Thursday, February 23, 2006

The Cut Ups by William S. Burroughs

I was living in Seattle in 1991, a recent graduate from the University of Oregon. Patty, my friend, and I were living in a one-bedroom apartment on Capitol Hill. I believe it was on Summit Avenue, you know, just down the hill from that Safeway on Broadway.
One Friday night, we went to the showing of a few short films by William S. Burroughs. This was around the time of "Naked Lunch" and Burroughs was enjoying a resurgence of popularity. The films were showing in downtown Seattle, on Pine Street, I think, at a divey bar. We took the bus there, and, once there, got two mugs of Pabst at the bar before settling in to the "theater."
The theater was a back room of the bar, with big red booths.
Before we were allowed to watch the movie, however, we were subjected to a poem by Steven Jesse Bernstein.

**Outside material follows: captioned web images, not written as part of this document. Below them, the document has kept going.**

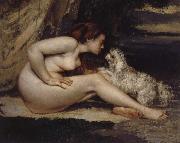 Gustave Courbet Nude Woman with Dog Sweden oil painting artist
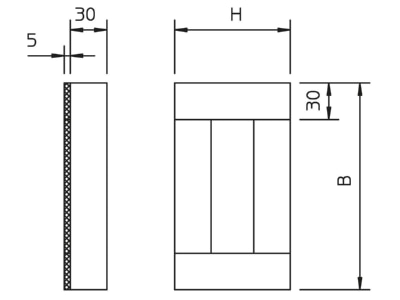 Dimensional drawing 1 OBO BSK E091026 End piece for fire resistant duct
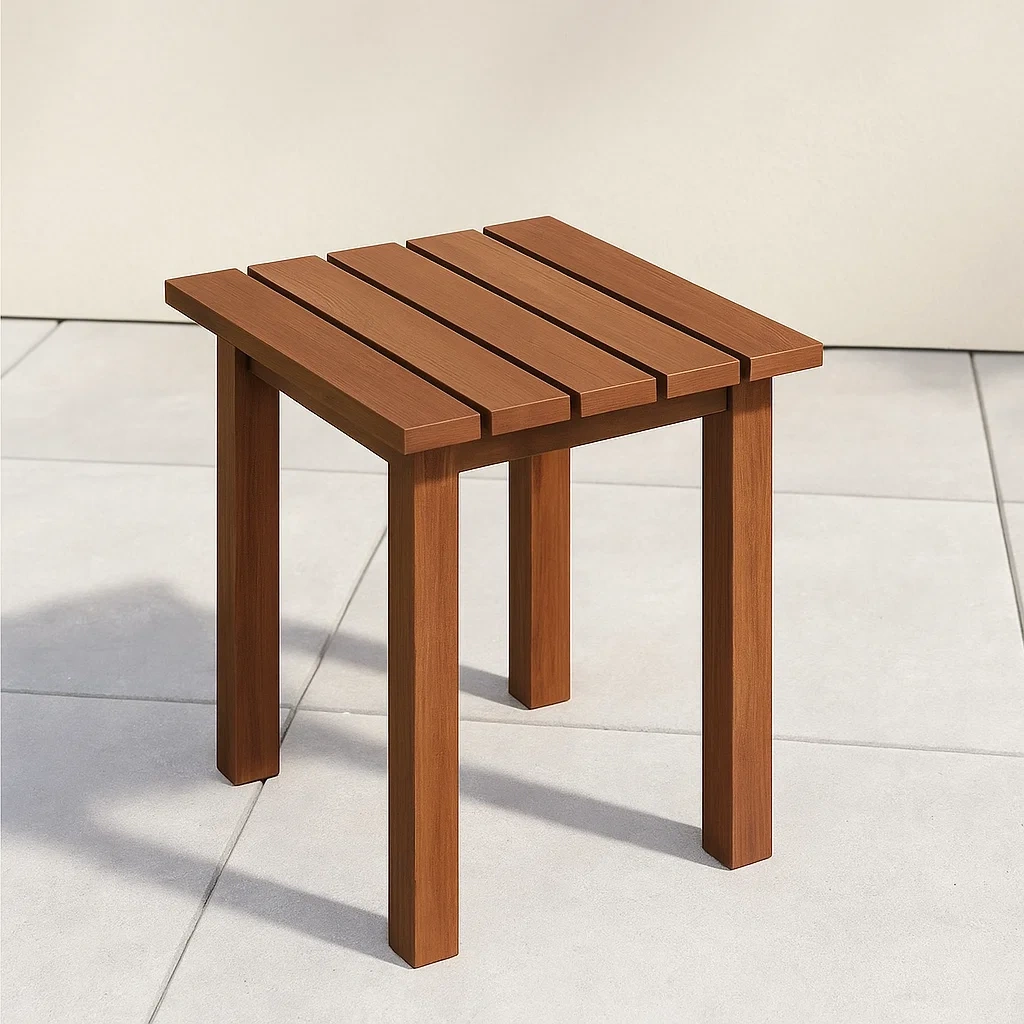 Table d'appoint d'extérieur, marron, bois, jardin, 45 x 45 x 43 cm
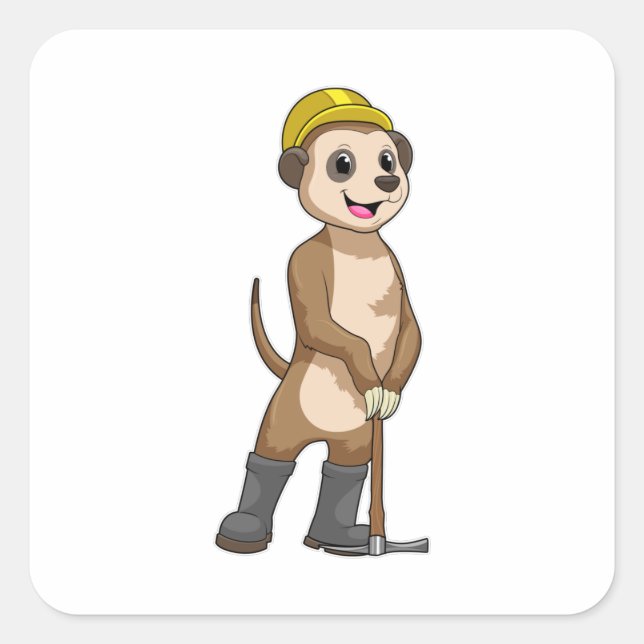 Meerkat as Miner with Pickaxe Square Sticker (Front)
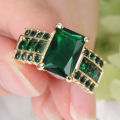 Elegant Emerald Green CZ Gold Plated Ring - Size 7 1/2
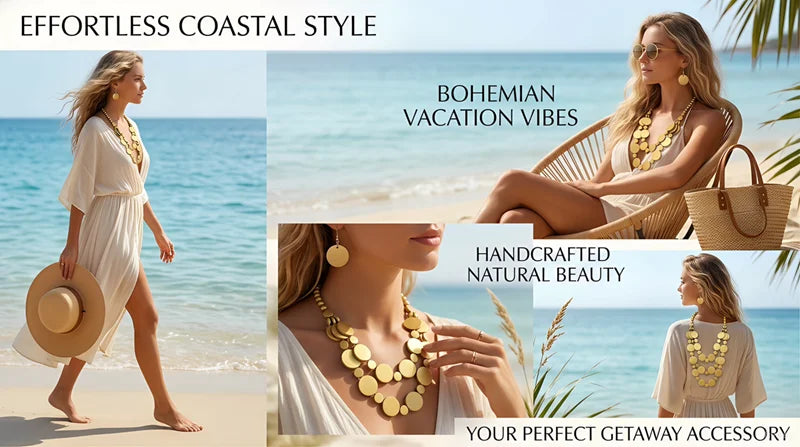 Bohemian Beaded Jewelry Set | Multilayer Necklace & Earrings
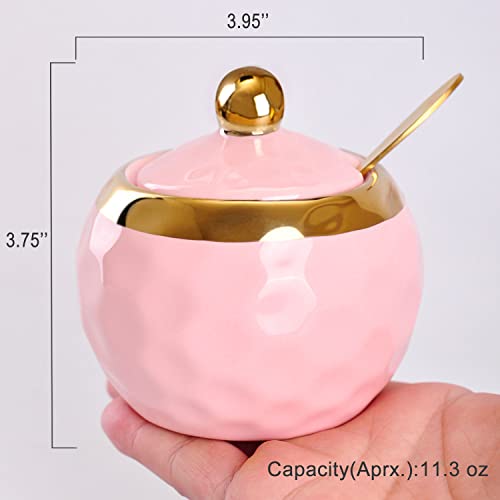 WHJY Ceramic Sugar Bowl with Lid and Spoon Golf Design Porcelain Salt Bowl Salt Container Modern Spice Box Seasoning Jar for Home and Kitchen Coffee Bar Pink - Image 3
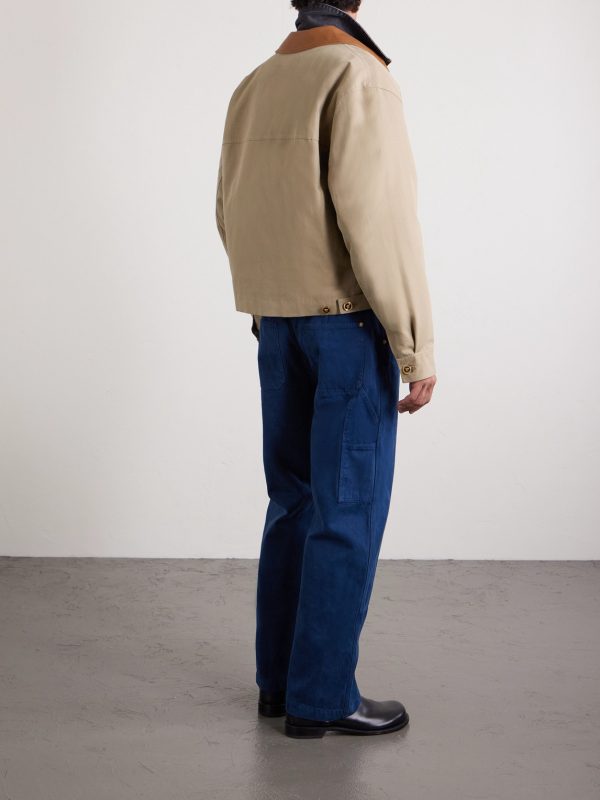 Leather-Trimmed Padded Cotton-Canvas Blouson Jacket - BK Leather-Trimmed Padded Cotton-Canvas Blouson Jacket - BK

Not read by him, of course, as he was in jail or had been injured or something (he actually may have just died!). The person who read it, wearing his "poet" uniform, was trying to raise money to publish some of Berstein's poems. This poem was called "How I Met My Present Wife" and it involved some lewd acts I won't subject you to, but to suffice it to say that the poem involved Nixon's dead body, and there were several references to flatulence.
The poem was bad enough, but worse still were the audience members giving him the serious poetry nod and doing that "hmm"ing thing that drives me nuts. As I was suffering through this torture, I looked around and realized that all the doors, including the one we had entered through, were marked with little signs that said "This is NOT an exit."
Finally the movies started. I can't remember how many there were, maybe three, but one was "The Cut Ups." It involved a light machine, a man dressed as a doctor, and Burroughs intoning, over and over, "Does it seem to be persisting?"
For many months afterward, this was a little joke we had. If we were bored, or if a certain moment outlasted its entertainment value, Patty would turn to me and ask, in Burroughs' voice, "Does it seem to be persisting?"

3 comments:

Nik said...

One word: Mugwumps.

Condiment said...

Yes, hello. Yes. Hello. Thank you. Yes, hello. Yes, Interzone.

Anonymous said...

Hey, was sleep e there? He's got the lines down.